§ What you should do: What is needed is an exact copy of the records below, with the pictures left out.

§ Input records:
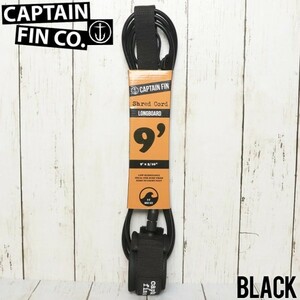 CAPTAIN FIN キャプテンフィン SHRED CORD 9’STANDARD LONGBOARD リーシュコード CX182004 BLACK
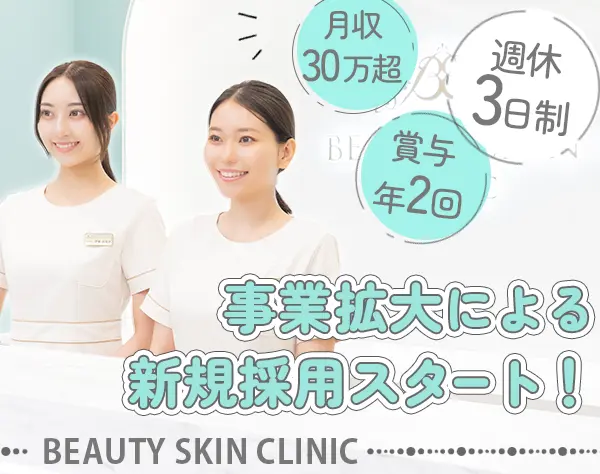 受付アシスタント*未経験歓迎*年間公休147日～*週休3日制*残業ほぼなし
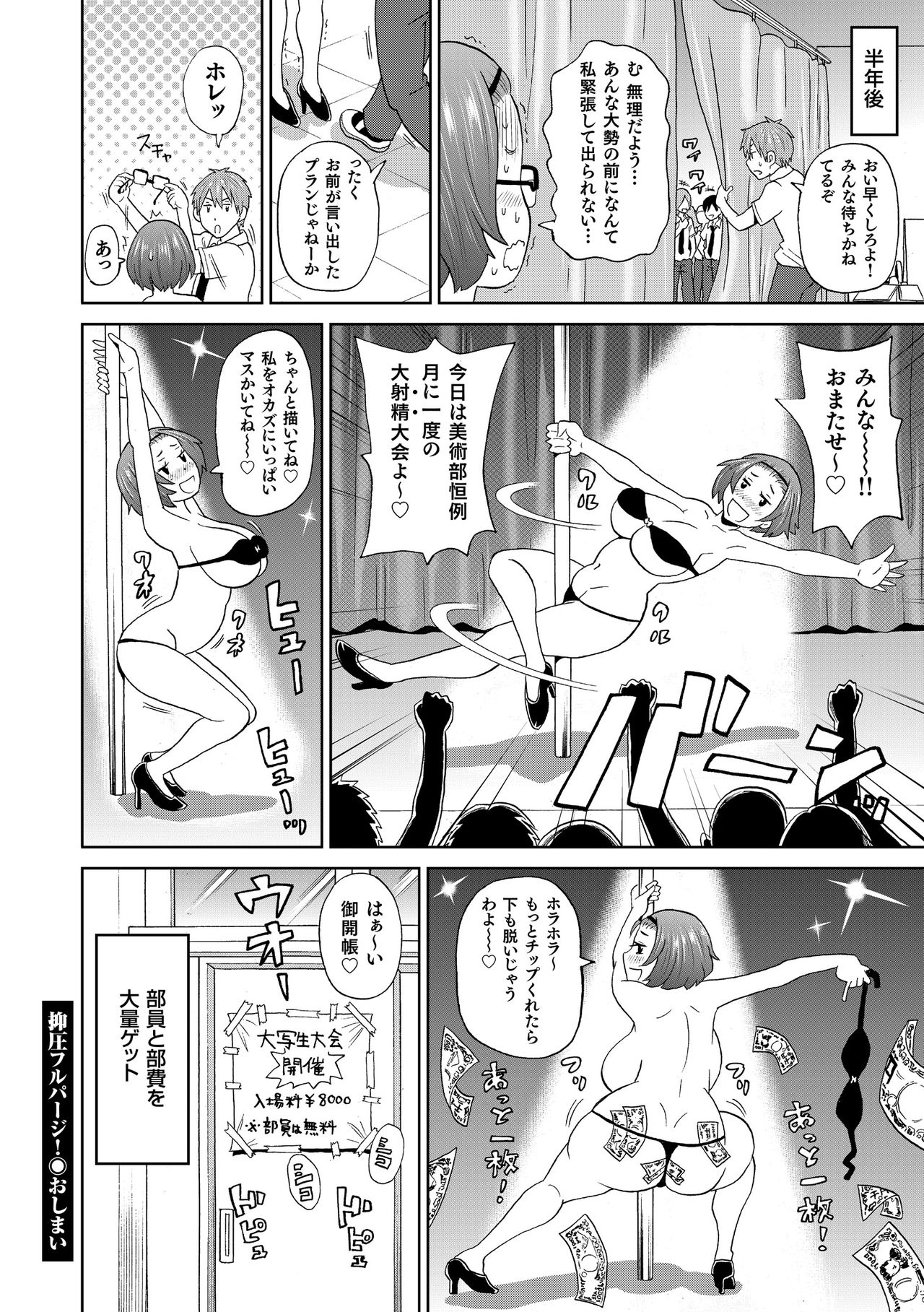 Monzetsu Freestyle - Page 101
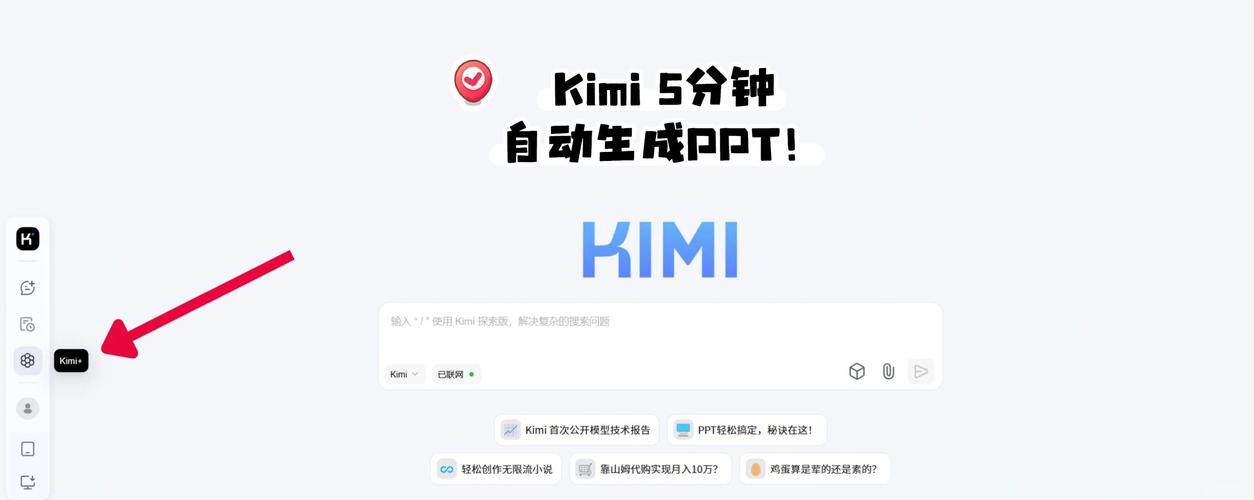 kimippt助手 v1.7.8安卓版,最新版下载安装! kimippt助手 v1.7.8安卓版,最新版下载安装! - 腿腿教学网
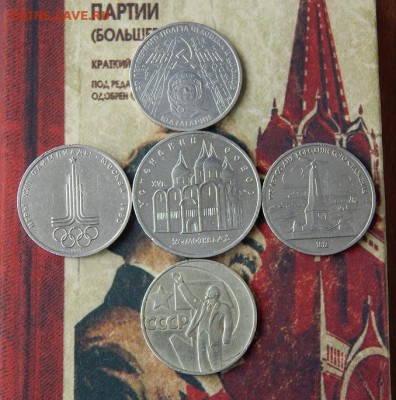 5 юбилейный монет СССР - DSCN6517.JPG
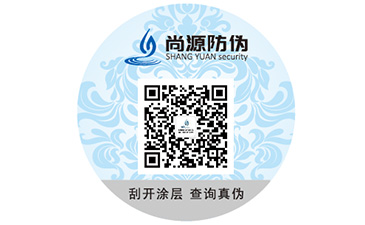 防偽標簽用什么樣的方法查詢真偽？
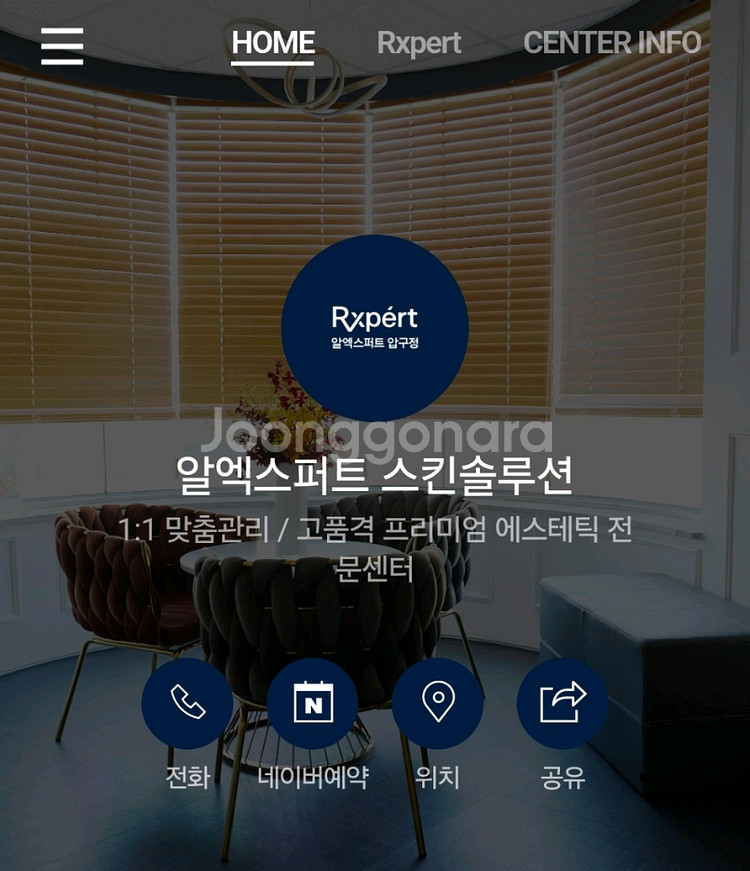 알엑스퍼트홍대 vip관리15회--0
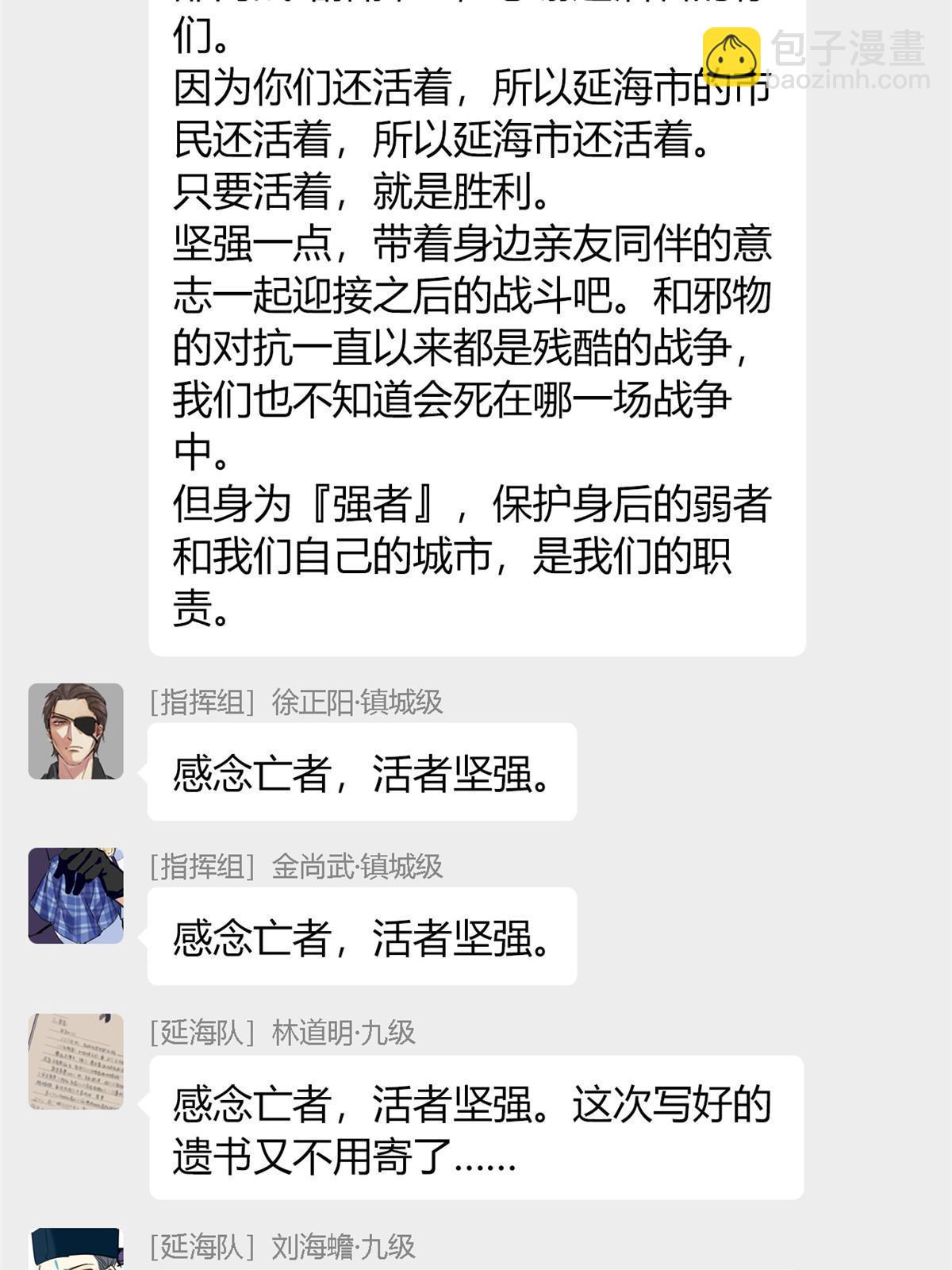 119 天理何在，展开说说！(1/2)-第121话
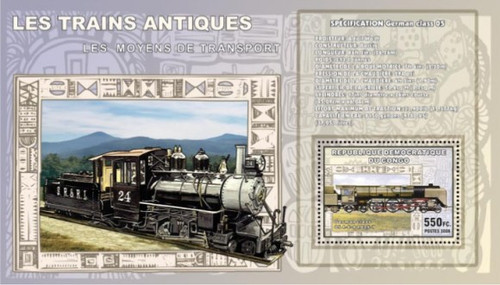 Congo - Antique Trains - Mint Stamp S/S MNH - 3A-261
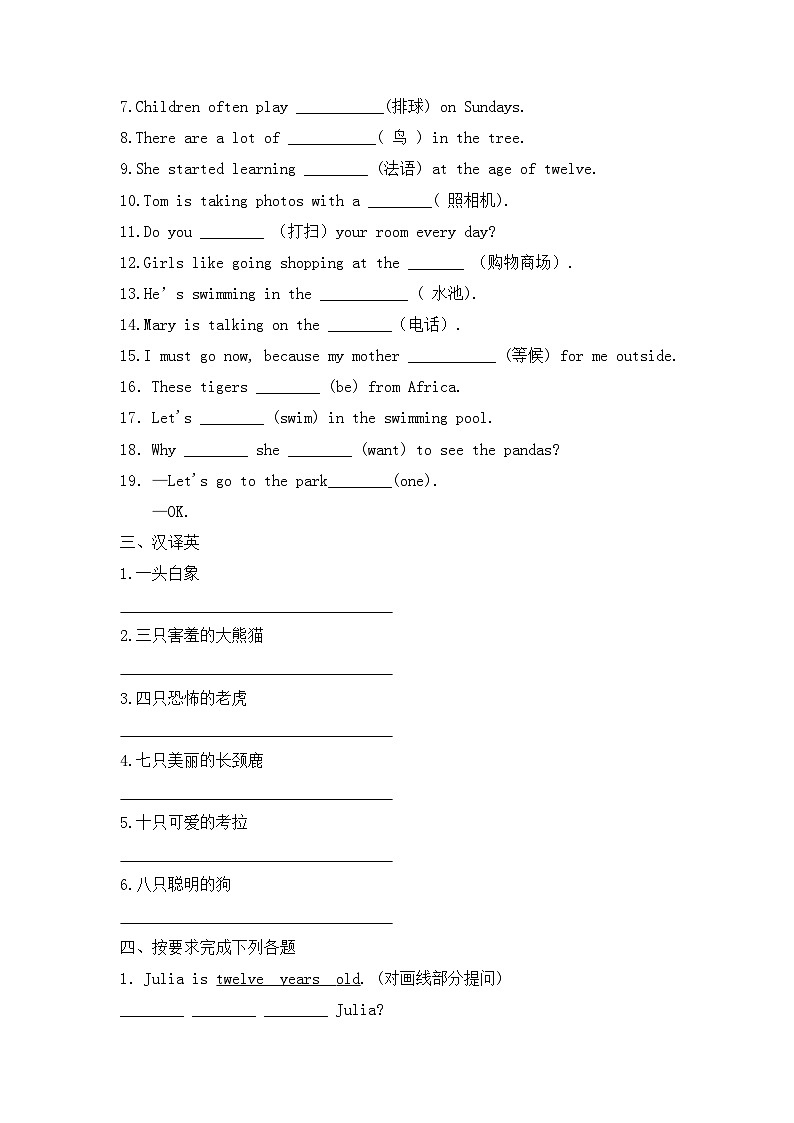 Unit5 Section B 同步练习 人教版七年级下册 英语第2页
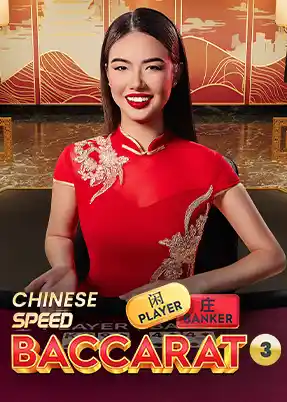 Chinese Speed Baccarat 3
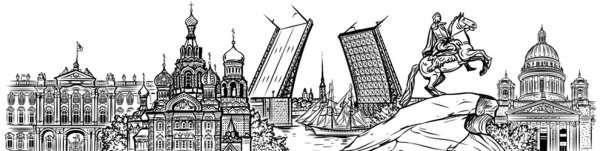 Санкт-Петербург вектор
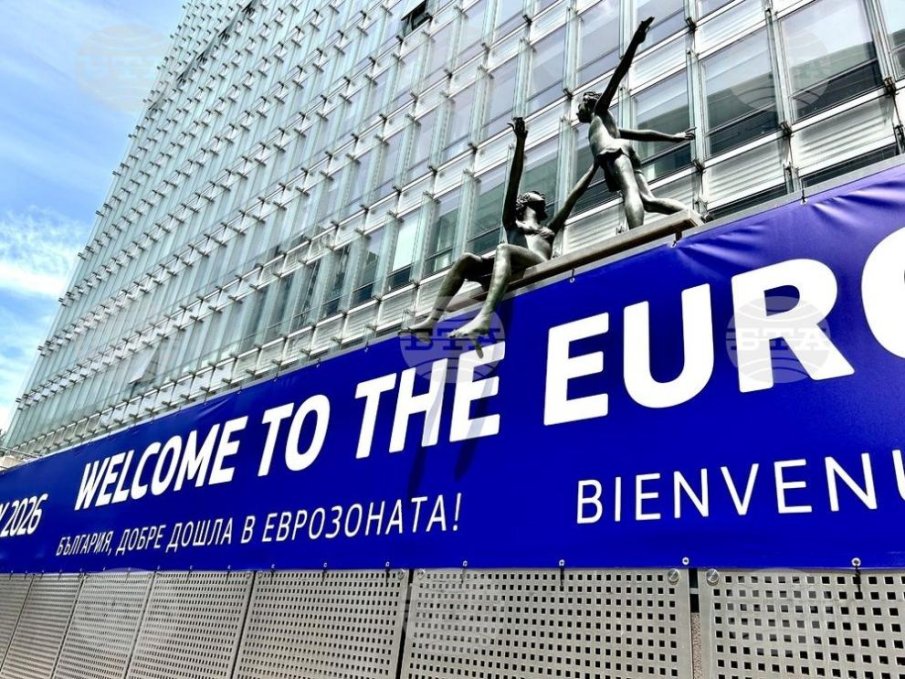 Брюксел ни посреща с огромен плакат: България, добре дошла в еврозоната!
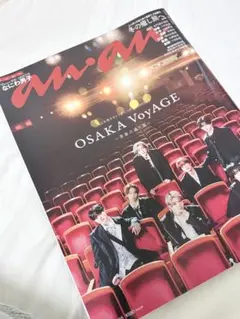 【切り抜きなし】anan No.2480 なにわ男子 表紙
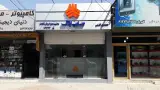 سایپا یدک پور قاسمی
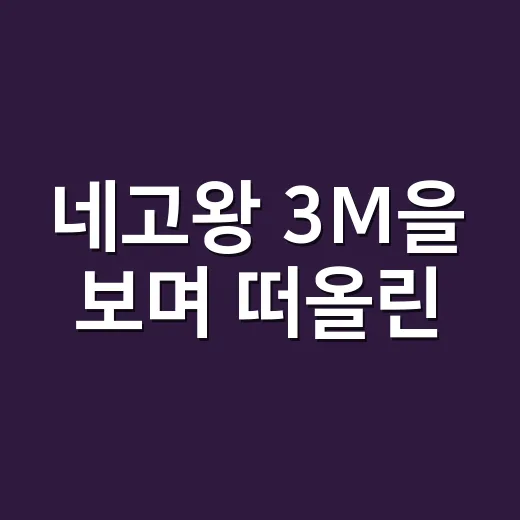 네고왕 3M을 보며 떠올린, 오래된 브랜드가 갑자기 젊어지는 순간 - 요약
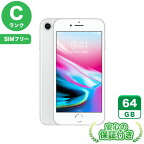 SIMフリー iPhone8 シルバー64GB 本体[Cランク] iPhone 中古 送料無料 当社3ヶ月保証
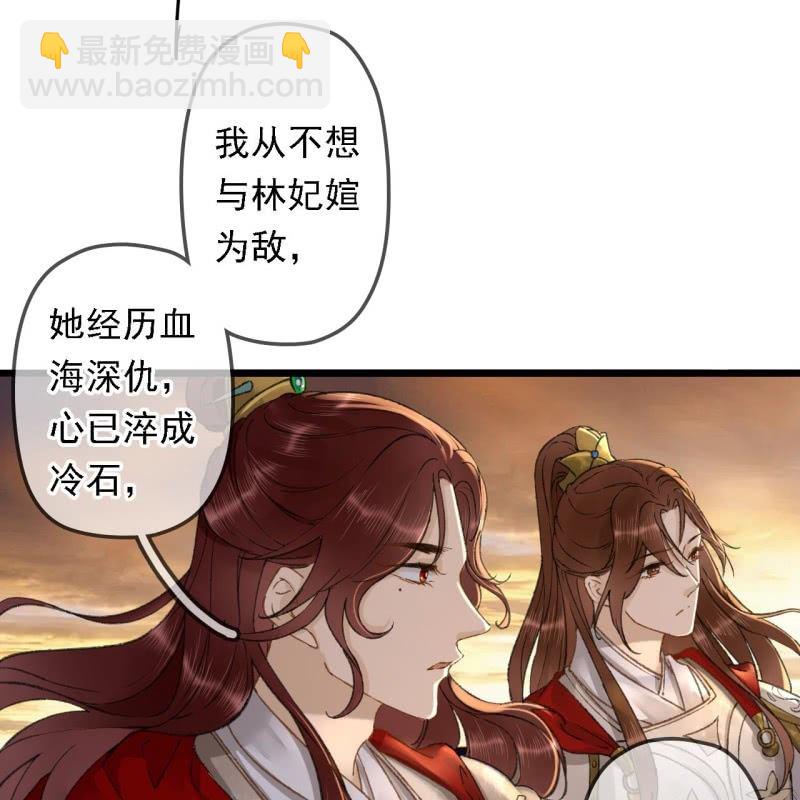 第195话 开战了(1/2)-第199话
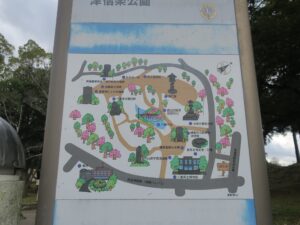 津偕楽公園 園内案内図
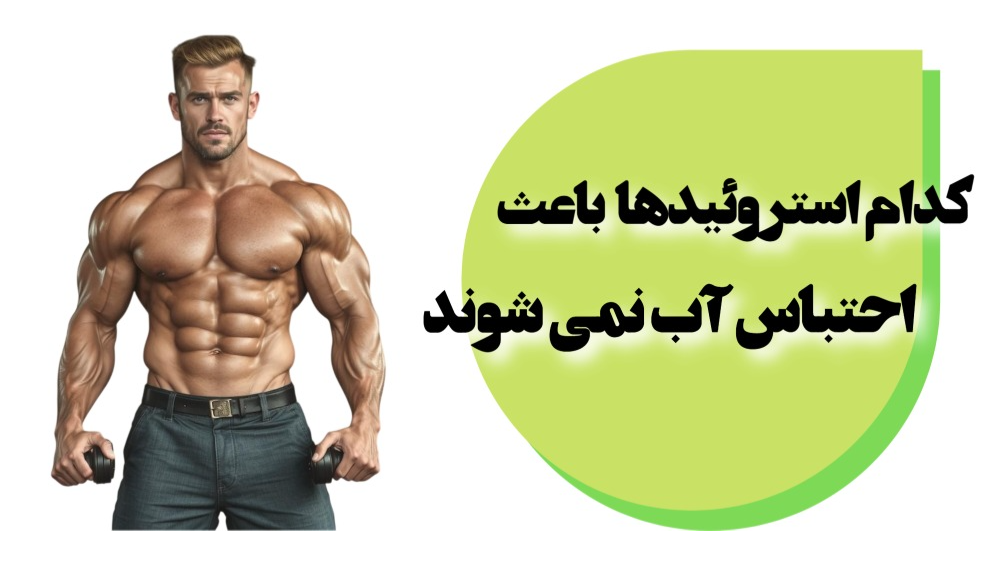 کدام استروئیدها باعث احتباس آب نمیشوند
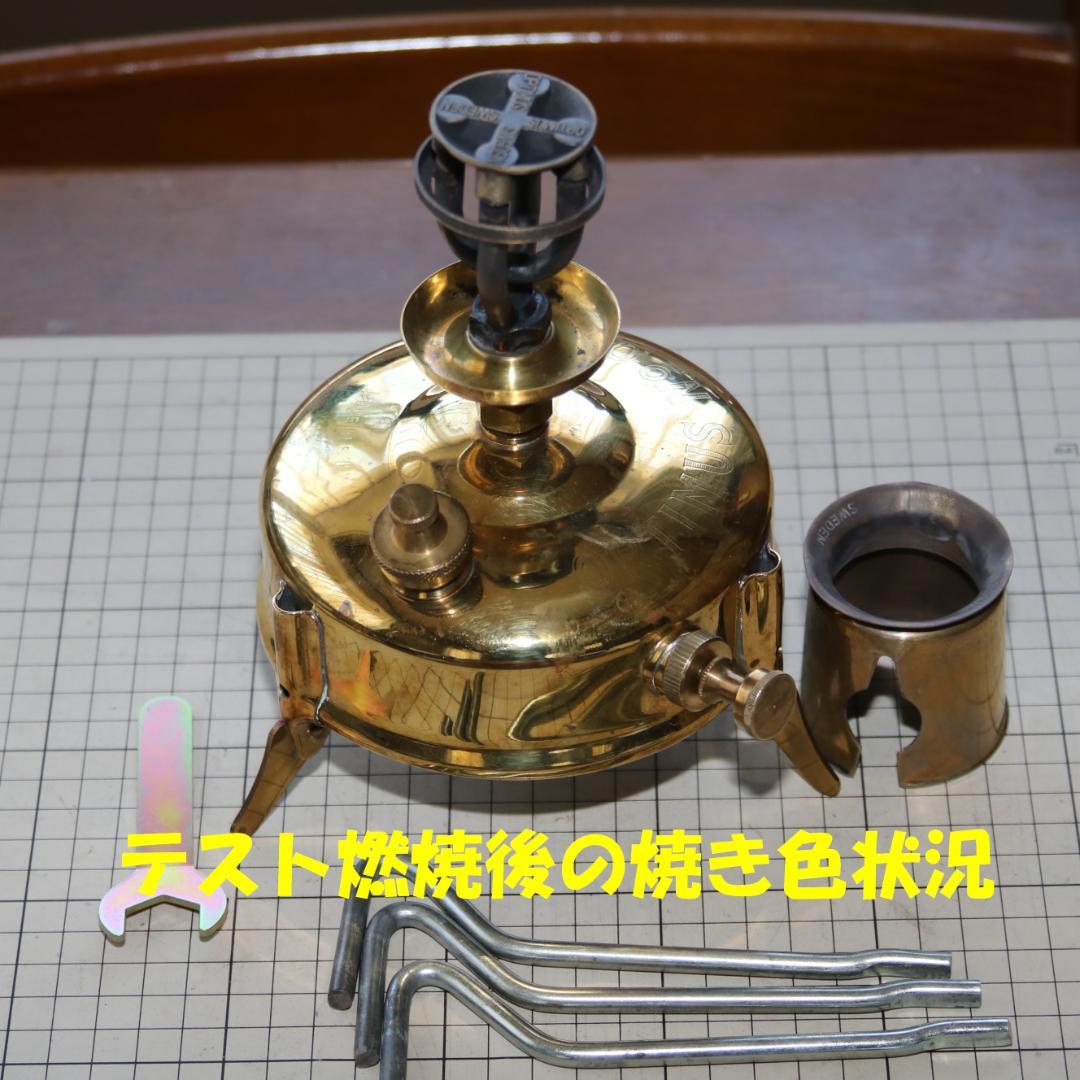 美品　ヴィンテージ　オプティマス　No.00　管理No.02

§ Written response:
 CAPTAIN FIN キャプテンフィン SHRED CORD 9’STANDARD LONGBOARD リーシュコード CX182004 BLACK
 受付アシスタント*未経験歓迎*年間公休147日～*週休3日制*残業ほぼなし
 Monzetsu Freestyle - Page 101
 kimippt助手 v1.7.8安卓版,最新版下载安装! kimippt助手 v1.7.8安卓版,最新版下载安装! - 腿腿教学网
 5 юбилейный монет СССР - DSCN6517.JPG
 防偽標簽用什么樣的方法查詢真偽？
 알엑스퍼트홍대 vip관리15회--0
 119 天理何在，展开说说！(1/2)-第121话
 Congo - Antique Trains - Mint Stamp S/S MNH - 3A-261
 Unit5 Section B 同步练习 人教版七年级下册 英语第2页
 Chinese Speed Baccarat 3
 Санкт-Петербург вектор
 Брюксел ни посреща с огромен плакат: България, добре дошла в еврозоната!
 【切り抜きなし】anan No.2480 なにわ男子 表紙
 سایپا یدک پور قاسمی
 네고왕 3M을 보며 떠올린, 오래된 브랜드가 갑자기 젊어지는 순간 - 요약
 SIMフリー iPhone8 シルバー64GB 本体[Cランク] iPhone 中古 送料無料 当社3ヶ月保証
 第195话 开战了(1/2)-第199话
 津偕楽公園 園内案内図
 کدام استروئیدها باعث احتباس آب نمیشوند
 美品　ヴィンテージ　オプティマス　No.00　管理No.02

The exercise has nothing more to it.